Stored items from a collection
•••

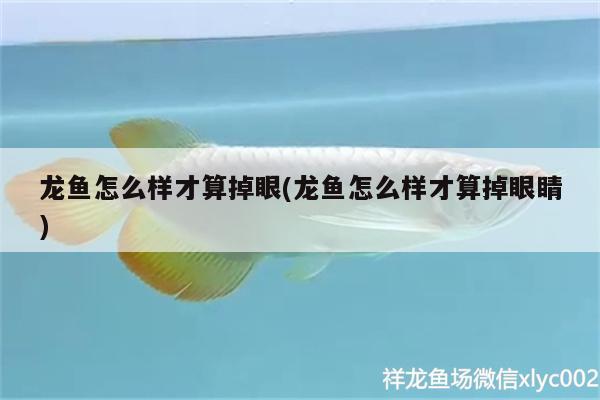 龍魚怎么樣才算掉眼(龍魚怎么樣才算掉眼睛)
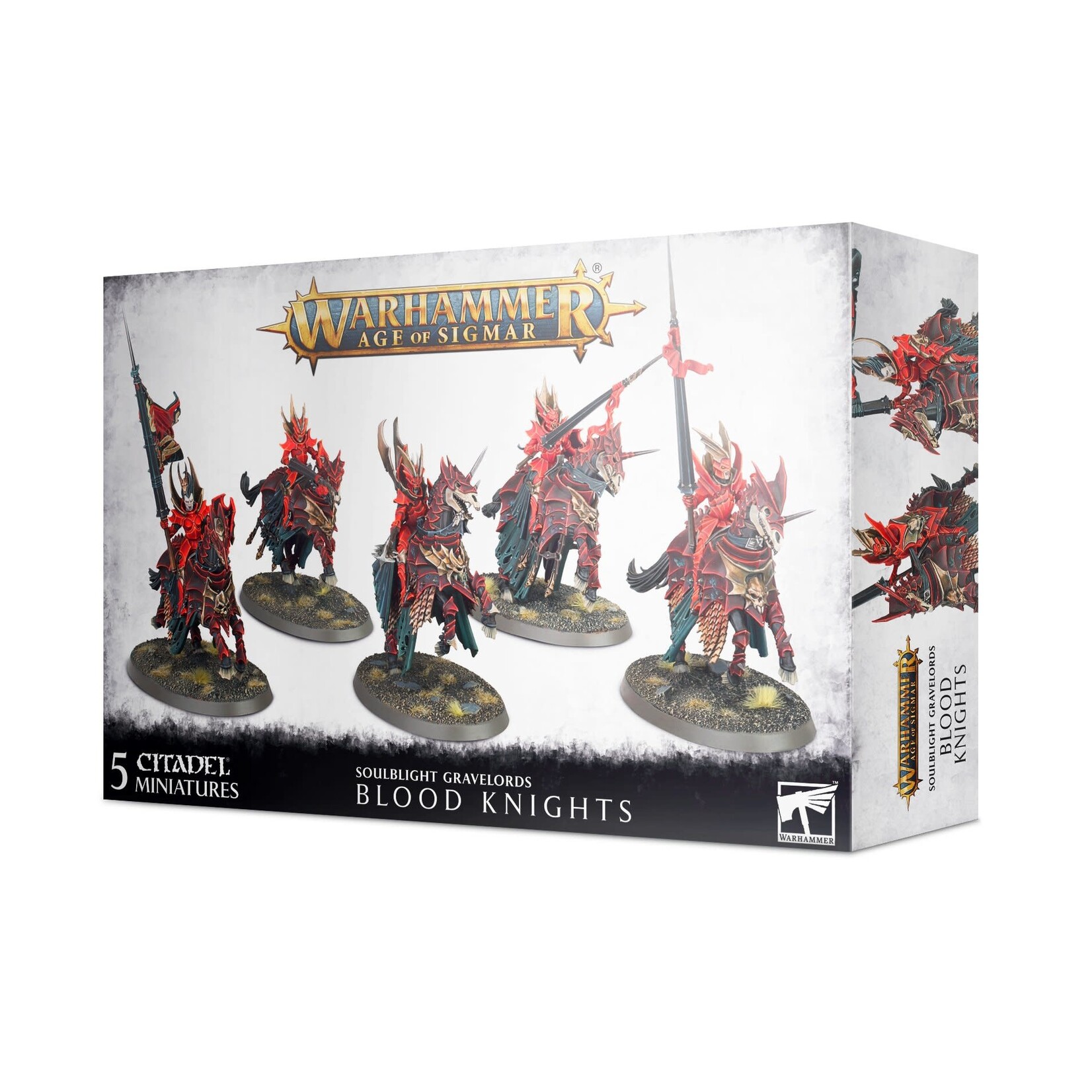 Age of Sigmar Age of Sigmar: Soulblight Gravelords: Blood Knights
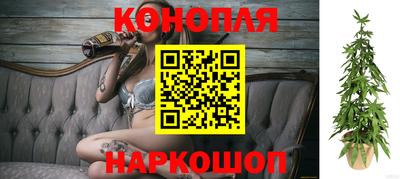 амф Анапа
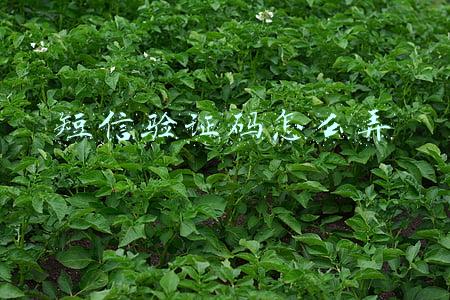 短信验证码怎么弄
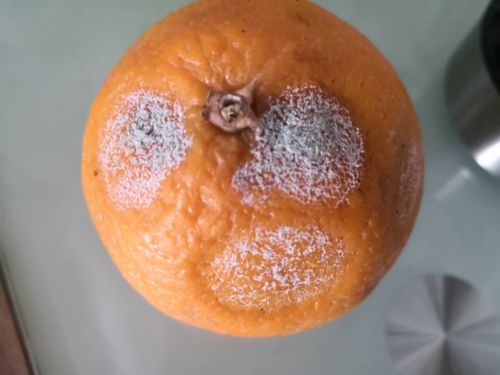 橘子皮霉菌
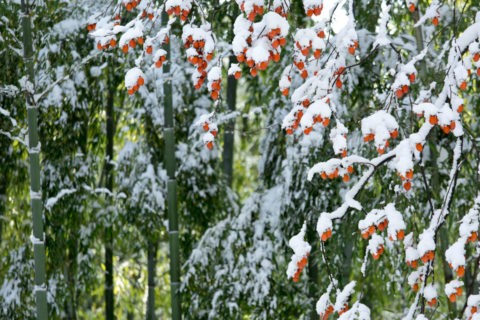 柿と雪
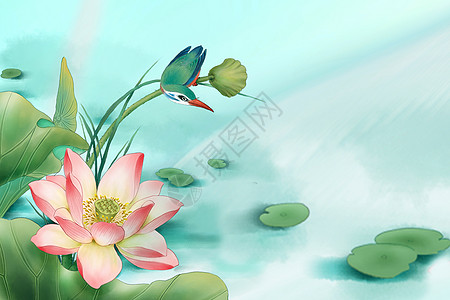 翠鸟夏季荷花背景设计图片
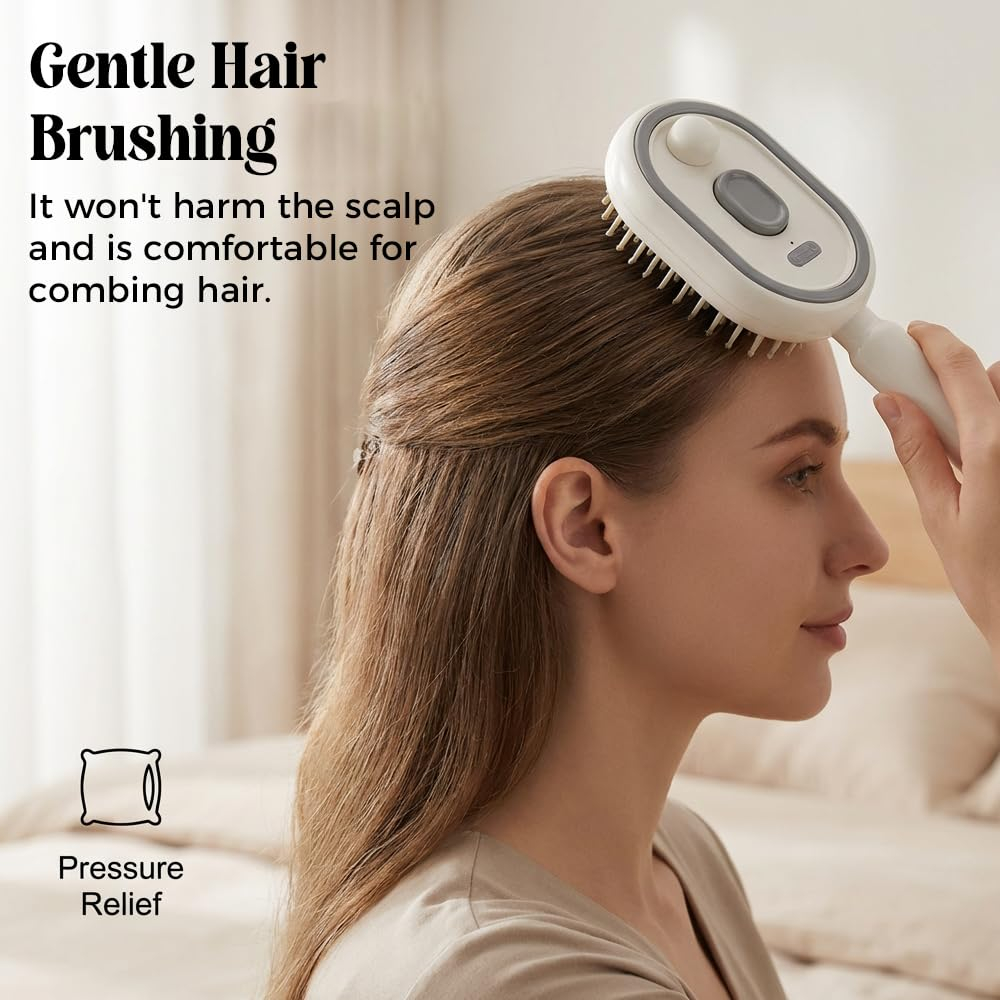 ホット電気スプレーヘアブラシ 2-in-1 ミストヘアブラシ - Hair Spa Wellness のレビューと価格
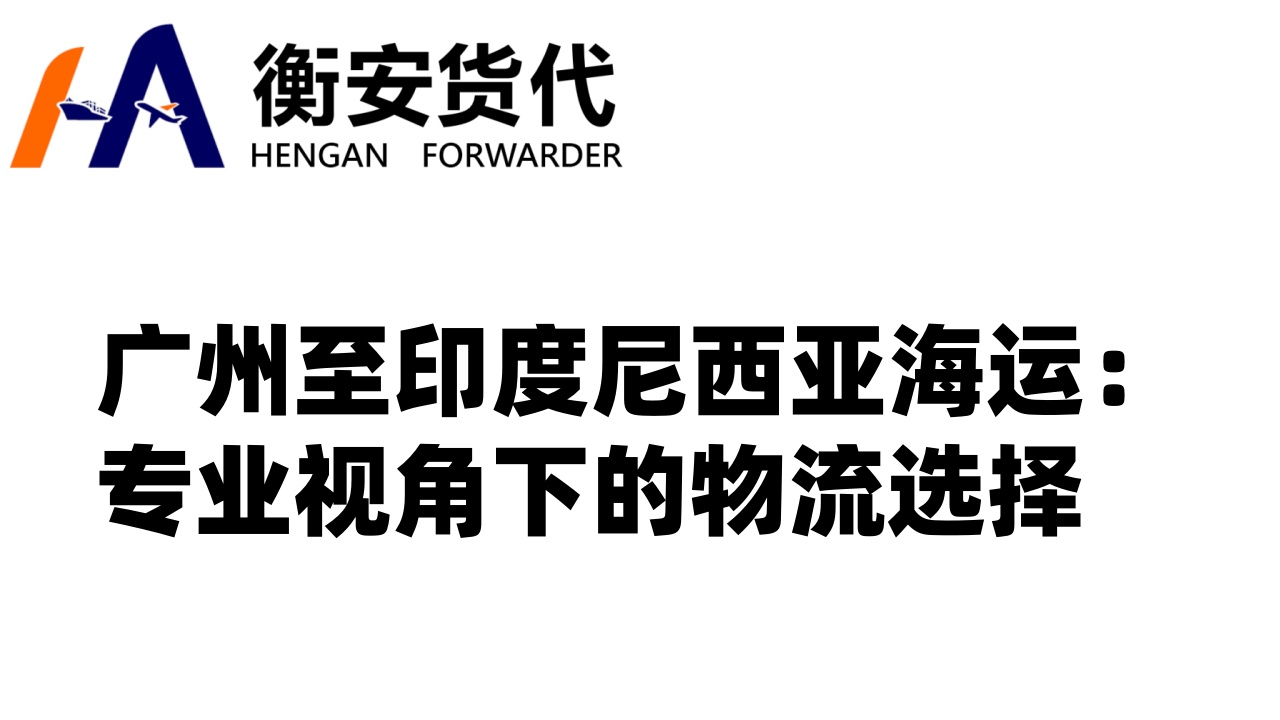 广州至印度尼西亚海运：专业视角下的物流选择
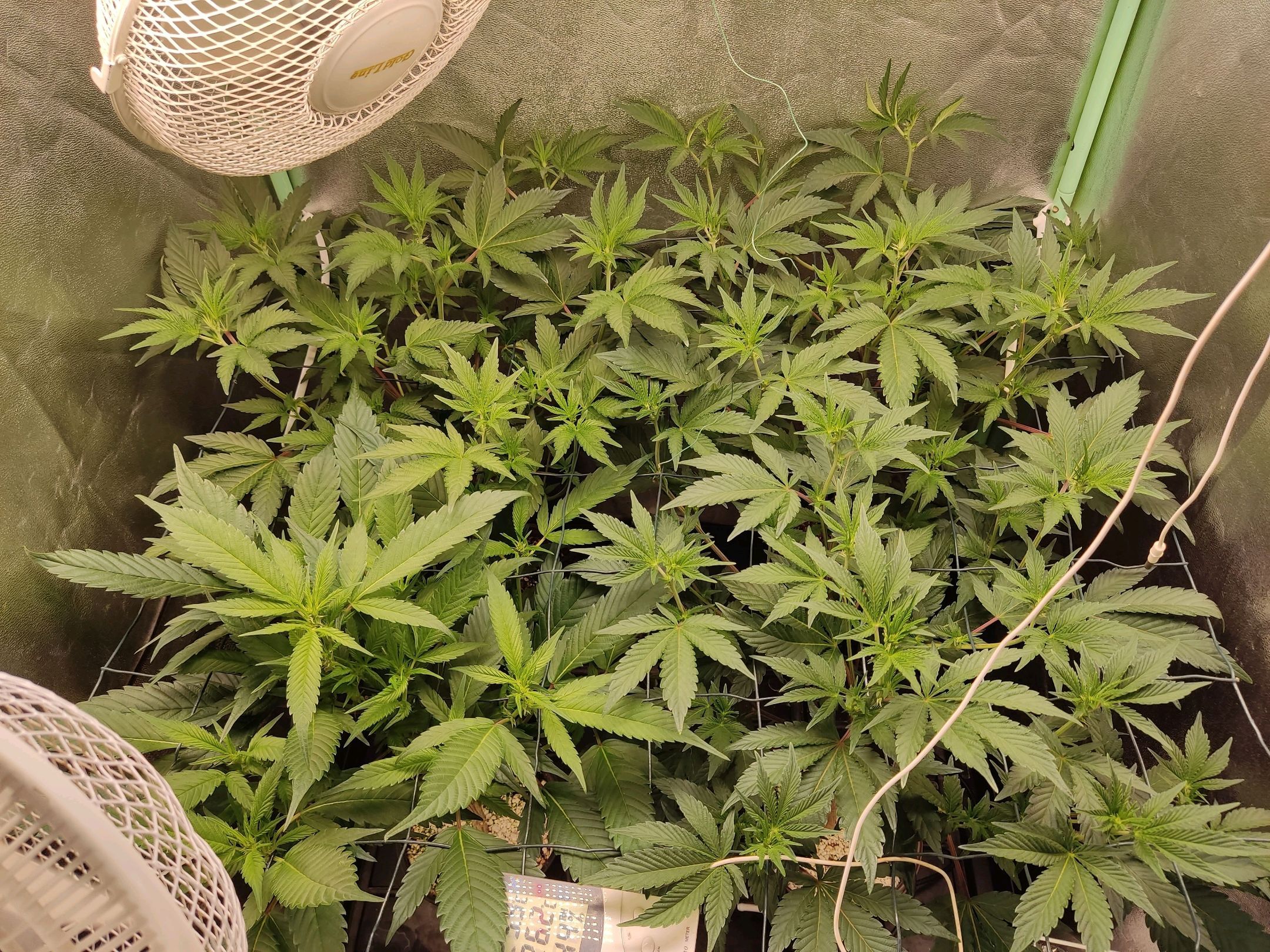 Skunky growlog photo 14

•••

Task objective: Starting at the line that contains "广州至印度尼西亚海运：专业视角下的物流选择", reproduce every line through the last one in the records exactly, and omit all pictures.

Solution to this exercise:
 广州至印度尼西亚海运：专业视角下的物流选择
 Skunky growlog photo 14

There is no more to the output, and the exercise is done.